### INPUT RECORDS ###
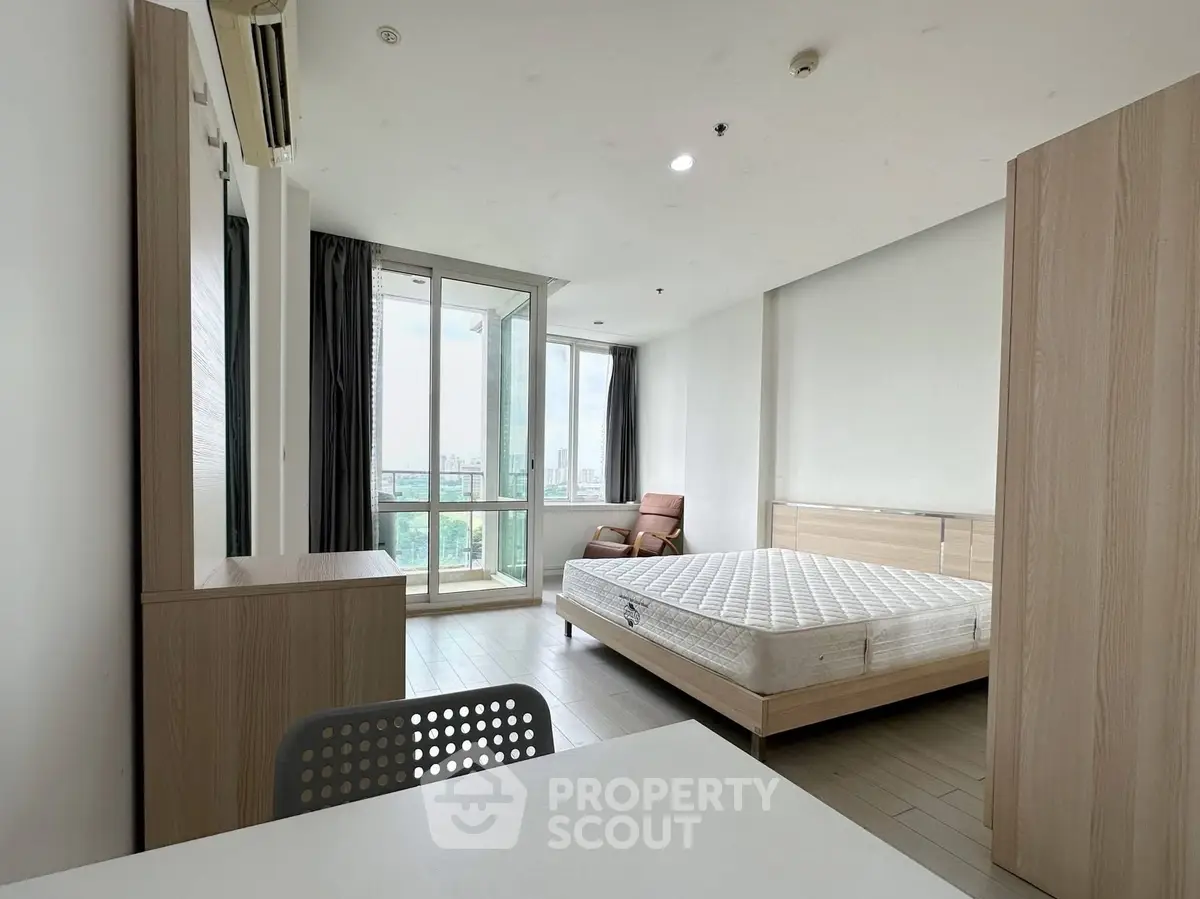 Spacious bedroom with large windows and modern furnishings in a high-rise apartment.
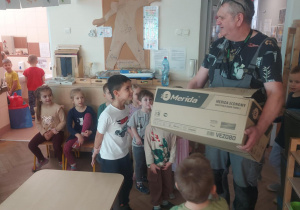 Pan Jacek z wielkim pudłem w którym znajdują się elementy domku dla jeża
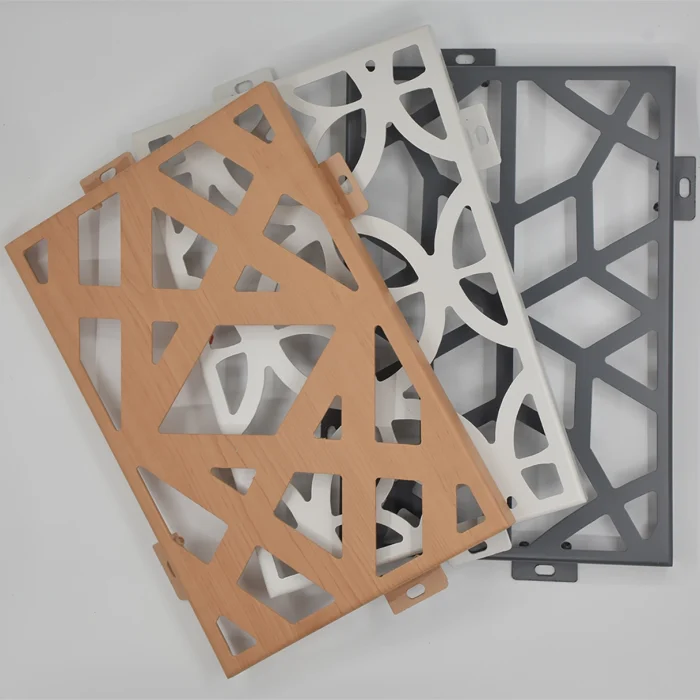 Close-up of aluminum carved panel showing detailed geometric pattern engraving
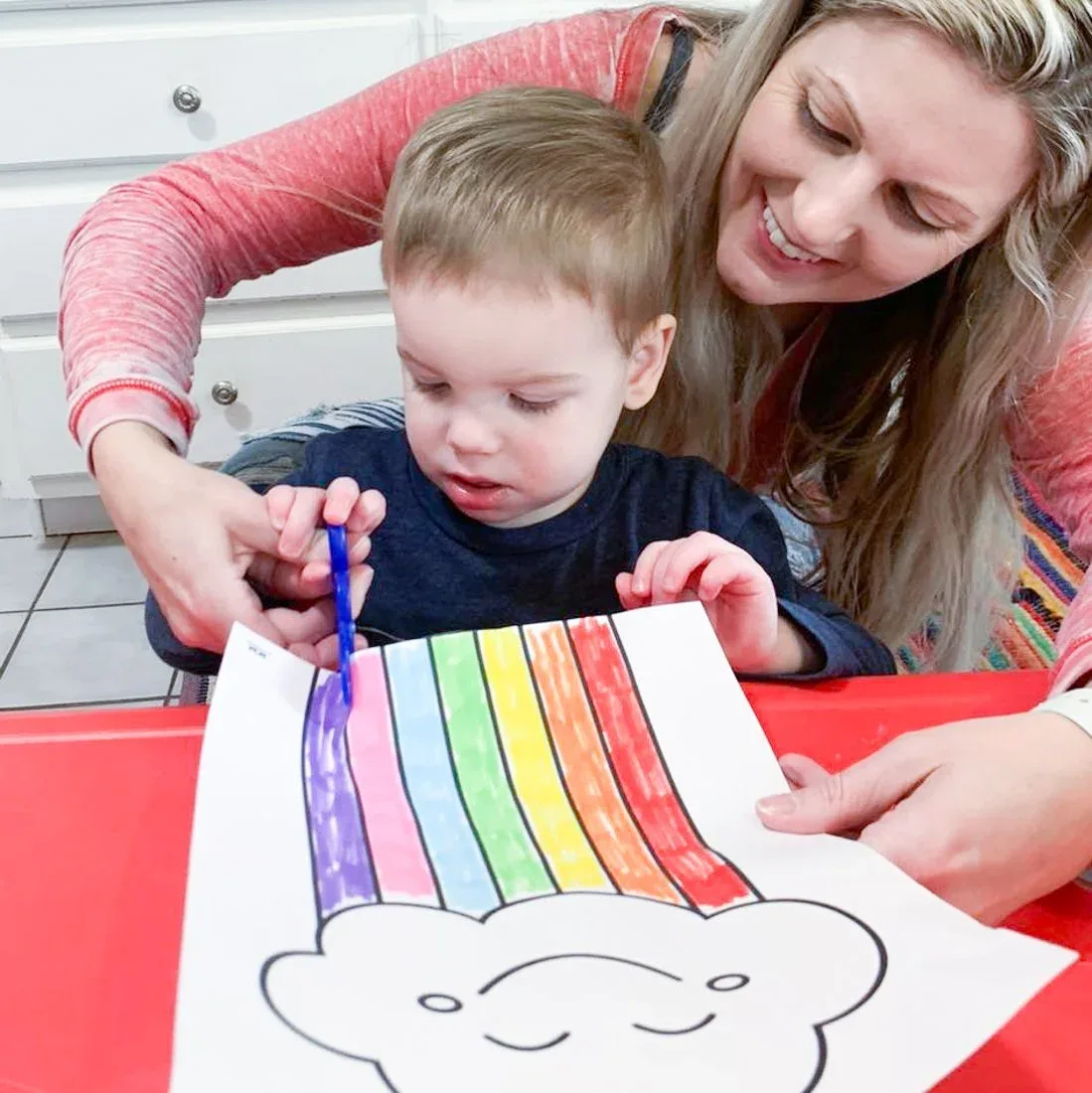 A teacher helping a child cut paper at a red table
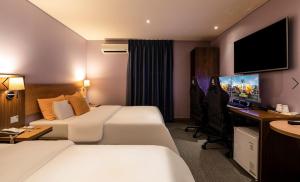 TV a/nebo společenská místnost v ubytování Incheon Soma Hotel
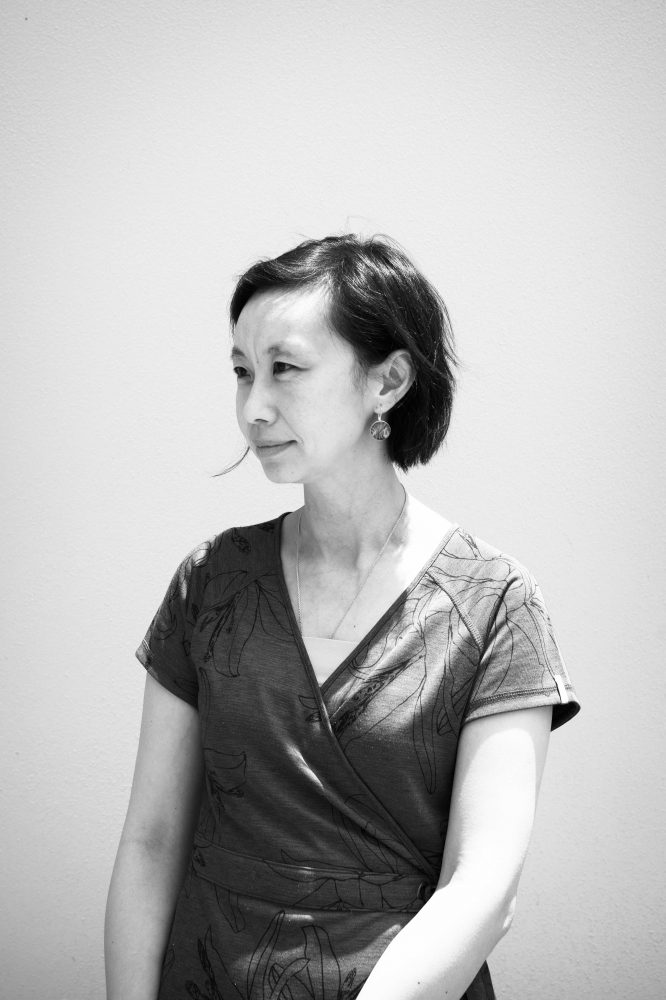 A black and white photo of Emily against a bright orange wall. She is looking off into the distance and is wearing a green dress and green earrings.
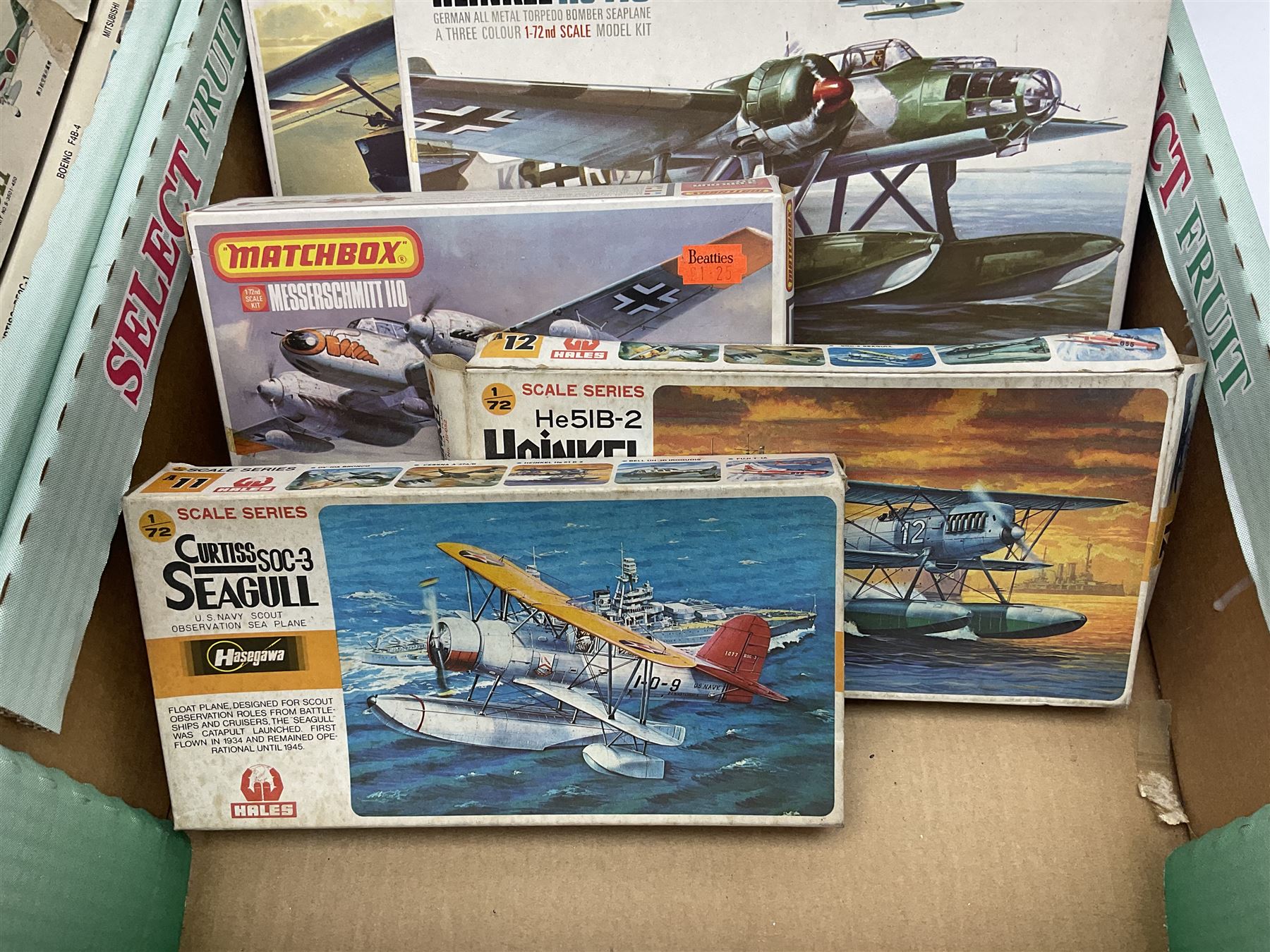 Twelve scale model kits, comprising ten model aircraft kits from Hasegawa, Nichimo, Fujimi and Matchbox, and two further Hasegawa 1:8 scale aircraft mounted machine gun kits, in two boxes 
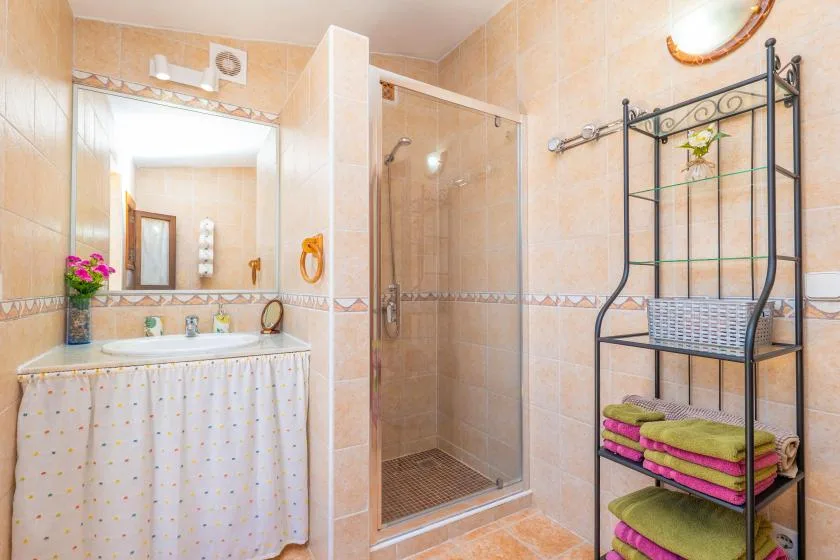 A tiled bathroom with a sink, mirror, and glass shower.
###
• **DIRECTIONS FOR THIS TASK**:
Wherever a picture appears in the data, please drop it and retype the rest exactly.

• **TASK SOLUTION**:
 Spacious bedroom with large windows and modern furnishings in a high-rise apartment.
 Pan Jacek z wielkim pudłem w którym znajdują się elementy domku dla jeża
 Close-up of aluminum carved panel showing detailed geometric pattern engraving
 A teacher helping a child cut paper at a red table
 TV a/nebo společenská místnost v ubytování Incheon Soma Hotel
 A black and white photo of Emily against a bright orange wall. She is looking off into the distance and is wearing a green dress and green earrings.
 Twelve scale model kits, comprising ten model aircraft kits from Hasegawa, Nichimo, Fujimi and Matchbox, and two further Hasegawa 1:8 scale aircraft mounted machine gun kits, in two boxes 
 A tiled bathroom with a sink, mirror, and glass shower.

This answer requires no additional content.